Con motivo del devastador terremoto sufrido en la Navidad de 1884,
el Rey Alfonso XII visita Málaga. Se programan muchos actos
en honor del monarca pintores malagueños exponen sus obras
entre los que están Emilio Ocón y ofrecen un concierto
donde interpretan la Cantata de Ocón compuesta en 1857 Obra
que fue compuesta para festejar su nacimiento.

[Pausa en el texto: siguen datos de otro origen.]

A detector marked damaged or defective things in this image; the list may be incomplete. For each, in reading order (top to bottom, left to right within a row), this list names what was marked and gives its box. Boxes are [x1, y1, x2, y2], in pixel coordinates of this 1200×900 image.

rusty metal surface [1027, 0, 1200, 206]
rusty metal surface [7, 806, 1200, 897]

La brillante gestión que lleva a cabo como director de la
Filarmónica y del Conservatorio se ve también premiada
al ser nombrado en 1888 Socio de Honor. Asimismo, la Sociedad de
Conciertos de Madrid, con la que Ocón sostenía unas
amplias relaciones, le otorga en 1893 el título de Socio
Honorario. Esta modélica entidad musical reconoce así
sus méritos como compositor, pero lo más importante
es que, con frecuencia, se programan obras del insigne músico
malagueño.
En 1890, el Conservatorio de Málaga se incorpora a la Escuela
Nacional de Música y Declamación de Madrid (nombre
que por aquella época y por razones políticas tenía
el Real Conservatorio de la capital de España).
La Dirección General de Instrucción Pública,
tras constatar que en Málaga se imparten los planes de estudios
vigentes en Madrid, concede dicha incorporación con fecha
11 de marzo de 1894. Desde ese día, todos los estudios que
se realizarán en el Conservatorio "Maria Cristina"

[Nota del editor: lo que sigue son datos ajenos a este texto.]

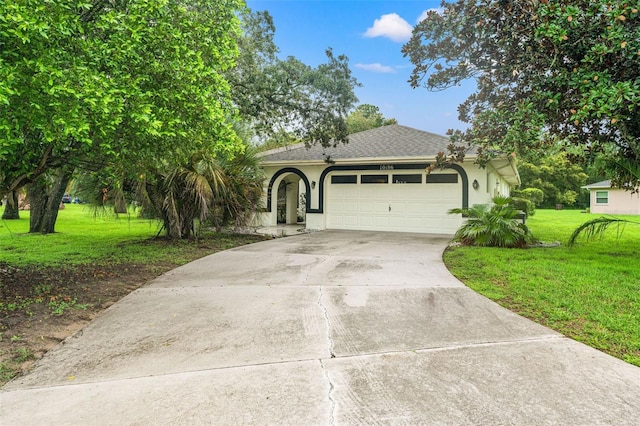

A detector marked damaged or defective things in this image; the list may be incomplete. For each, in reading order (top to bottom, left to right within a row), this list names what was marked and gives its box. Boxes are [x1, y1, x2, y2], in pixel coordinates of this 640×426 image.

crack in concrete [318, 358, 336, 424]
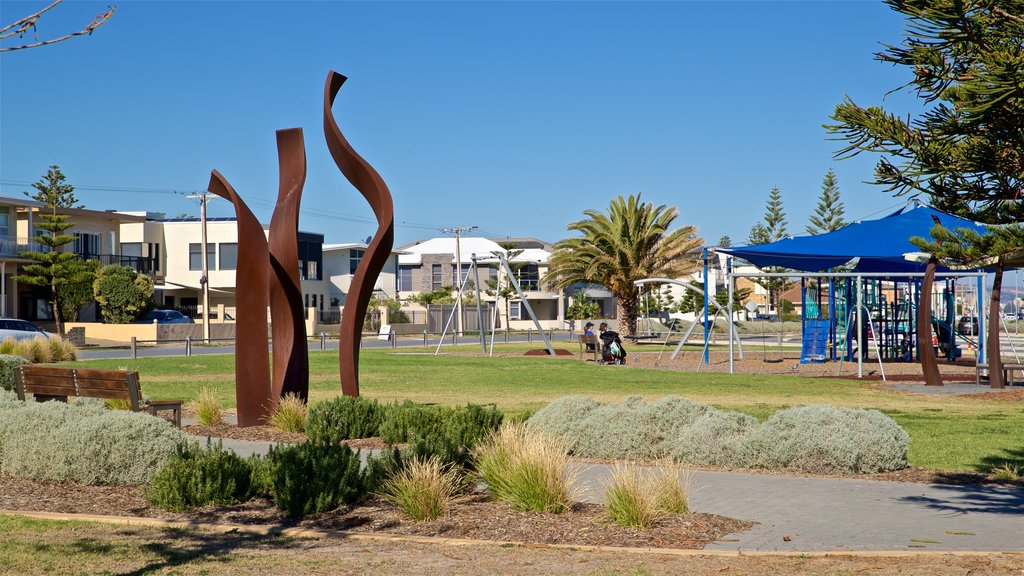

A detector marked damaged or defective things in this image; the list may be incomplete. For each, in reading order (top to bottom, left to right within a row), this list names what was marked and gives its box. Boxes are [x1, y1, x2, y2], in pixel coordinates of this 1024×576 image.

rusty corten steel [206, 169, 272, 426]
rusty corten steel [268, 129, 308, 402]
rusty corten steel [324, 71, 396, 396]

de Málaga tienen carácter oficial.
A partir de 1893 Ocón obtiene permiso para instalarse en
la torre de la Catedral. Según Bolea y Sintas refiriéndose
a los dos magníficos órganos "Ocón apenas
cumplió los sesenta años, solicitó y obtuvo
del excelentísimo Cabildo le cediera una habitación
en la torre de la Catedral para acabar los días de su vida
oyendo los dulces acordes que hicieron de él un artista".
Ya en el S.XX El día 28 de febrero de 1901, a las cinco de
la tarde, muere Eduardo Ocón, víctima de una pulmonía
gripal. El entierro tiene lugar en el Cementerio de San Miguel al
día siguiente y constituye una sentida manifestación
de duelo en toda Málaga.
A pesar de los inestimables servicios que Ocón presta a la
ciudad y de la indudable valía de sus obras, el olvido de
este importante organista, investigador, compositor y docente se
produce muy rápidamente.
El 14 de Octubre de 1917, la Sociedad Filarmónica organiza
un acto en su memoria. Donde se lee un emotivo discurso que , titulado
Elogio de Don Eduardo Ocón, edita la mencionada Sociedad.
El Conservatorio tarda mucho en reaccionar siendo como fue este
centro la mejor obra de Ocón. El acto se lleva a cabo el
27 de enero de 1934 y se pretende entre otras actuaciones, publicar
todas las partituras de Ocón, colocar un busto suyo en el
parque de Málaga, celebrar un concierto en el que se interpreten
obras suyas. De todo ello, solo se llevó a cabo el concierto.
La obra que perduró más en los atriles fue su Miserere,
que continuó interpretándose en Semana santa, pero
también fue olvidándose poco a poco. La tradición
de hacerlo oír en esas fechas fue rescatada por la antigua
Orquesta Sinfónica de Málaga, agrupación que,
junto a la Coral Santa María de la Victoria, realizó
la primera grabación de esta obra, sin duda la más
ambiciosa de las que escribió para la iglesia.
En 1980, con ocasión del centenario de la fundación
del Conservatorio malagueño, se descubre en este centro una
lápida conmemorativa en honor del que fue su primer director.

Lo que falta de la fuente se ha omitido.